I was glued to my phone. My eyes were fixated on Instagram reels with some guys doing Latte Art. The unsightly scene must've looked similar to my dog waiting for scraps from dinner, agitated and uncomfortable. I often fell asleep unknowingly with my phone on my chest and find my phone out of battery in the morning. About a week went by. I had found a short break time during work and decided I'd give it a go one more time before heading back into validating my sentiment model and whatnot.
Whoa. There it was - almost perfectly semetrical heart, but I didn't know what I did or how I managed to pull it off. I took a quick picture for the record. I hurriedly rinsed the cup and the pitcher. I had to replicate it. Have I finally found my random state or minimal learning rate for latte pouring? I needed to make sure.

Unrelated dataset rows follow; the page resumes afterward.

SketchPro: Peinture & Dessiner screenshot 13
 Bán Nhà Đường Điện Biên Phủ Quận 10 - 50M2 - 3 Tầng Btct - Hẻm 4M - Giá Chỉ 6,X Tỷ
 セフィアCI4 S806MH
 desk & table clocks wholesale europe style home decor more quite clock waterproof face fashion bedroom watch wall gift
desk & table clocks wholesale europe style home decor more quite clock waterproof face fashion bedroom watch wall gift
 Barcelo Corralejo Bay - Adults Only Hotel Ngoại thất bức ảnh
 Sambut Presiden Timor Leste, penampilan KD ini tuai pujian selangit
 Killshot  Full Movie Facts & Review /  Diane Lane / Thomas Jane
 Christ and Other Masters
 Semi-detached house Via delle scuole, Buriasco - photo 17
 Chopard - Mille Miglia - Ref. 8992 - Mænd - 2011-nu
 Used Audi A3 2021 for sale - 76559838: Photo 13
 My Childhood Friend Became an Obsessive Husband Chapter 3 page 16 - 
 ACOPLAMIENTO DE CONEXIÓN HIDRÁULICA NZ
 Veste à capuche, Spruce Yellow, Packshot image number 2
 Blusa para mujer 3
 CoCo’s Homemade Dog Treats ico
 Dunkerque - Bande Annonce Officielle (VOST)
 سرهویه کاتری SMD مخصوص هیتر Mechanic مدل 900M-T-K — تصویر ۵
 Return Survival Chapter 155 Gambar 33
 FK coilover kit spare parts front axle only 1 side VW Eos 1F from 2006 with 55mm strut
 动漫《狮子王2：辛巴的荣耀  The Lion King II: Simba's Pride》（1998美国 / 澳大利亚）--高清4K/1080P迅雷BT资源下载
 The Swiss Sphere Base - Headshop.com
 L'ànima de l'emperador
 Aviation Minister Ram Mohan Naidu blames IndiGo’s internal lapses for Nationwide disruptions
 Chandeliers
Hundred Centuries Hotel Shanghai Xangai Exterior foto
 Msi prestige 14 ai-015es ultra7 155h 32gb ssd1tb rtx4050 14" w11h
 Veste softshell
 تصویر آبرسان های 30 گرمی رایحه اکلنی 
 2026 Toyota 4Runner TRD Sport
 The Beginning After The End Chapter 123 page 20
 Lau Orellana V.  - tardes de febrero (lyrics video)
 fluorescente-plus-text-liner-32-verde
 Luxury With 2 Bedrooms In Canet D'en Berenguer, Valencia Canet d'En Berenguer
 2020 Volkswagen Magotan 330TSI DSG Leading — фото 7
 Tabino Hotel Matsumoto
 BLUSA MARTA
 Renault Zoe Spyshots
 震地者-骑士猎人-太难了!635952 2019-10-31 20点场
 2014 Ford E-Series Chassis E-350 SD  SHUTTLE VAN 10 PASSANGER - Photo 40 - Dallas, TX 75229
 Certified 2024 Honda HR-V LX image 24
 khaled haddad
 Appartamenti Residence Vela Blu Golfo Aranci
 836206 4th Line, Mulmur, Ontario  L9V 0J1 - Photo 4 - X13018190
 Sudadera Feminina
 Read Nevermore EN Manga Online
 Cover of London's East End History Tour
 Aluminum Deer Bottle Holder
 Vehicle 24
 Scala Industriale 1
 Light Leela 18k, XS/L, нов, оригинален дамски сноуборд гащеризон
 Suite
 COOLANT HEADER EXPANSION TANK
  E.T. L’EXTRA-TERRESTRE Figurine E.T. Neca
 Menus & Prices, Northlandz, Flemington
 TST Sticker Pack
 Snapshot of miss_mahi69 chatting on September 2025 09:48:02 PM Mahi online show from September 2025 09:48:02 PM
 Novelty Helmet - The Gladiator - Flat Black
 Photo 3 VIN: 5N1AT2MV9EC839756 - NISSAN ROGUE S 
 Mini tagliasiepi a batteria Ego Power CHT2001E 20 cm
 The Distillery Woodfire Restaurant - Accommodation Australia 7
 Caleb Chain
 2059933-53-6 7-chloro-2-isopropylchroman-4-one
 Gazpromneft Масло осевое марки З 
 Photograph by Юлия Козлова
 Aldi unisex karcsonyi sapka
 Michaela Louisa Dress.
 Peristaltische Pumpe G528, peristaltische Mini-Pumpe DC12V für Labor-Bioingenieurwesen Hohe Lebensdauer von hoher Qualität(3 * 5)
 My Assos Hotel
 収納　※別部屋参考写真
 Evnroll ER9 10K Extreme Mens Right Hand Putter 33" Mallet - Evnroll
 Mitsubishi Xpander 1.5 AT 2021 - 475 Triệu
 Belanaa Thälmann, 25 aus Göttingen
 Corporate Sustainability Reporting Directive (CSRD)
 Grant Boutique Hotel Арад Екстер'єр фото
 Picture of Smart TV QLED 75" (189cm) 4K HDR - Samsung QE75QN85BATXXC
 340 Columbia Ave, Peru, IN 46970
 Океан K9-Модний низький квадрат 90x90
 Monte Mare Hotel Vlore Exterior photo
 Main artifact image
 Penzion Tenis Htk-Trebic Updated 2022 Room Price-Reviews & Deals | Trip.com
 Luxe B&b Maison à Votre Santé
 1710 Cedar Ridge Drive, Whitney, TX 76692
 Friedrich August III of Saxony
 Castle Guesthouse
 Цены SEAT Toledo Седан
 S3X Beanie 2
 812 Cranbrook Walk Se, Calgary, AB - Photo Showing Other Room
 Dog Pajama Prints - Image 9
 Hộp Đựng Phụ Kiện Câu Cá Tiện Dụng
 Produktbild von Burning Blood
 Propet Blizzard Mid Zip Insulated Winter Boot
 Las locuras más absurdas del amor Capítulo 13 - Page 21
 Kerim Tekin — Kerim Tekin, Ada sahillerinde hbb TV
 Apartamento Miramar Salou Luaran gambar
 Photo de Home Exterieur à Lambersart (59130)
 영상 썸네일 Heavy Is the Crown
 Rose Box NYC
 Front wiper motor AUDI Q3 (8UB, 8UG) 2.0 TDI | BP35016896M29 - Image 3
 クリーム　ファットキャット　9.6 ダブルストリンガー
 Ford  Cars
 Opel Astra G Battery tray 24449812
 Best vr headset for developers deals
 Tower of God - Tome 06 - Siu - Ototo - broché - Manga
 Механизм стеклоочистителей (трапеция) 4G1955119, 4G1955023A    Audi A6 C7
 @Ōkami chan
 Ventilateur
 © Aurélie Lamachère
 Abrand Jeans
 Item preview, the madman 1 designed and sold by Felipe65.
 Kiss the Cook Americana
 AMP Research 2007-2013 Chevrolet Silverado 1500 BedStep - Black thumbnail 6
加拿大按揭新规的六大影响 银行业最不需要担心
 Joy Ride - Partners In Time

I held my breath as I started pouring my second cup of the day. There it was. The foam began to surface on top of espresso. I carefully started to wiggle the pitcher. What a marvelous sight it was. I was finally getting the gist of pouring! Again, it wasn't picture perfect, but this was a sign of proof that I was getting somewhere. Last time I was in a pinch like this was from my machine learning engineering class at Berkeley.
We weren't given much information to go on and were asked to set a horizontal pod auto-scaler for our FastAPI model in Kubernetes deployment. We understood that we had to tweak our .yaml file for the change in deployment to take effect. For some odd reason, the pods weren't being replicated. Did we set the resource threshold target incorrectly? Each of us were trying different combinations to see if we could get the pods to replicate in the local environment, but to no avail.
We'd take turns taking time off our work to attend available TA sessions, only to get confirmations that we had done everything right (theoretically that is). Is our .yaml file cursed beyond repair? The submission deadline was approaching and our frayed nerves were visible. We didn't lash out on each other.
The silence over the Slack call was deafening. Sheer will to pass this class was holding us together by a thread until one of us exclaimed "It's the damn space!". If you've ever worked on a .yaml file, you would at one point learn that indentation would make or break your file. What a complete waste of all of our time. The culprit was a space looking tab.
In the near future, I would also learn that when pouring latte art, if the pitcher spout is even an eighth of inch farther above the rim of the cup, it would ruin your canvas and ultimately ruin the pouring. I laugh now thinking about it; on how painstakingly and parallelly these unrelated processes share so much in common with each other. A fun fact: Both pods and latte art are ephemeral.